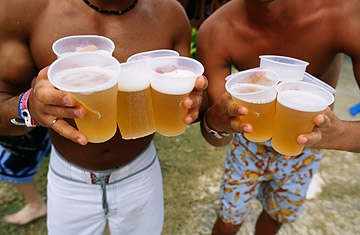 Drinking alcohol makes it easier for bacteria to move into the lungs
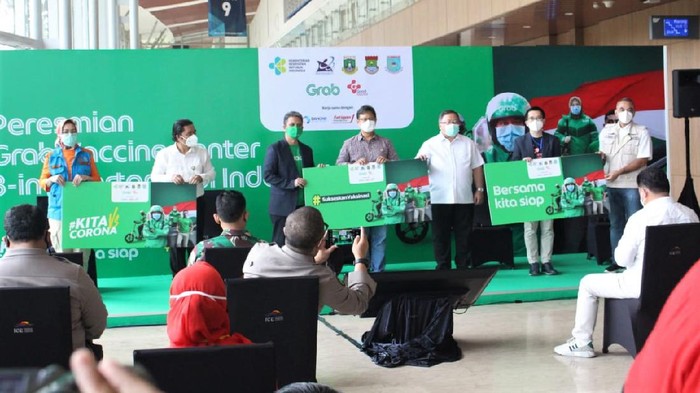 Pusat vaksin 3-in-1 hadir di Tangerang. Keberadaan pusat vaksin itu merupakan inovasi pelayanan publik di Kabupaten Tangerang untuk atasi pandemi virus Corona.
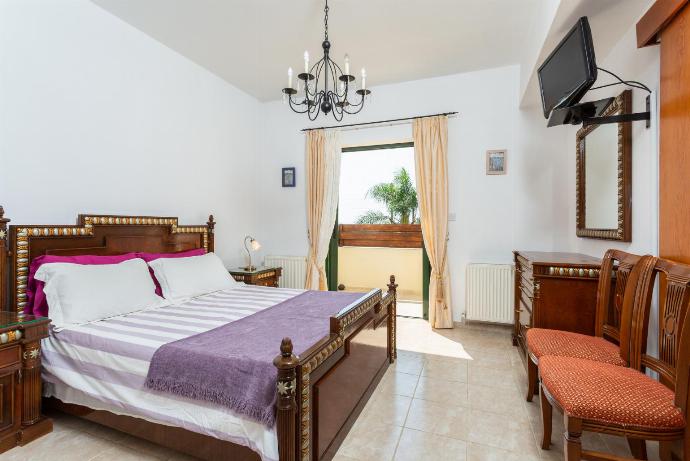 Double bedroom with en suite bathroom, A/C, TV, and balcony access . - Androula Villas Collection . (Galería de imágenes) }}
--------------------------------
▶ **Task requirements**
Everything in the listing above must be retyped exactly, except for the pictures.

▶ **Solution to this task**
 Drinking alcohol makes it easier for bacteria to move into the lungs
 Pusat vaksin 3-in-1 hadir di Tangerang. Keberadaan pusat vaksin itu merupakan inovasi pelayanan publik di Kabupaten Tangerang untuk atasi pandemi virus Corona.
 Double bedroom with en suite bathroom, A/C, TV, and balcony access . - Androula Villas Collection . (Galería de imágenes) }}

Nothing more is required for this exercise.